Enhanced dissolution of curcumin-resorcinol cocrystal by the inhibition effect of HPMCAS on solution-mediated phase transformation

Abstract

The present study aimed to investigate the inhibition effect of polymers on the solution-mediated phase transformation (SMPT) of cocrystals during dissolution. Curcumin-resorcinol (CUR-RES) cocrystal was prepared by slow solvent evaporation, and the best precipitation inhibitor of curcumin (CUR) was selected from five polymers including hydroxypropyl methylcellulose acetate succinate (HPMCAS), hydroxypropyl methylcellulose (HPMC) E5, HPMC E50, Poloxamer 188 (P188) and polyethylene glycol (PEG) 6000 by solvent-shift precipitation test.
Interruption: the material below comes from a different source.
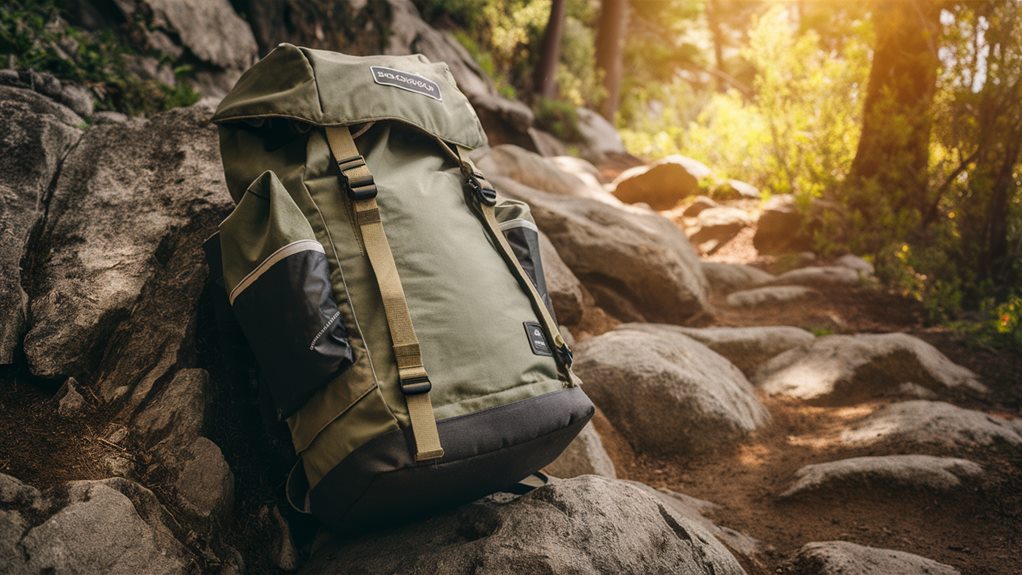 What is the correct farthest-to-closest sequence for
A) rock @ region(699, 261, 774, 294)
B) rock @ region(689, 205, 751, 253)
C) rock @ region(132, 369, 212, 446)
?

Then non-sink dissolution tests and intrinsic dissolution rate (IDR) tests were performed with or without HPMCAS to explore the influence of HPMCAS on the dissolution of the cocrystal. It was showed that HPMCAS could effectively inhibit the crystallization of CUR so that the dissolved drug concentration in a predissolved 0.1 % HPMCAS solution at 2 h was nearly 15 μg/mL, which was at least 150 times higher than that without HPMCAS. The red CUR-RES cocrystal turned gradually to yellow CUR during the dissolution tests in the absence of HPMCAS, while the transformation was prevented in the presence of HPMCAS. The present work fully exploits the solubility advantages of CUR-RES cocrystal via the use of precipitation inhibitor and offers important insights into reducing the risk of SMPT during cocrystal dissolution, which is crucial for the development of pharmaceutical cocrystal formulations.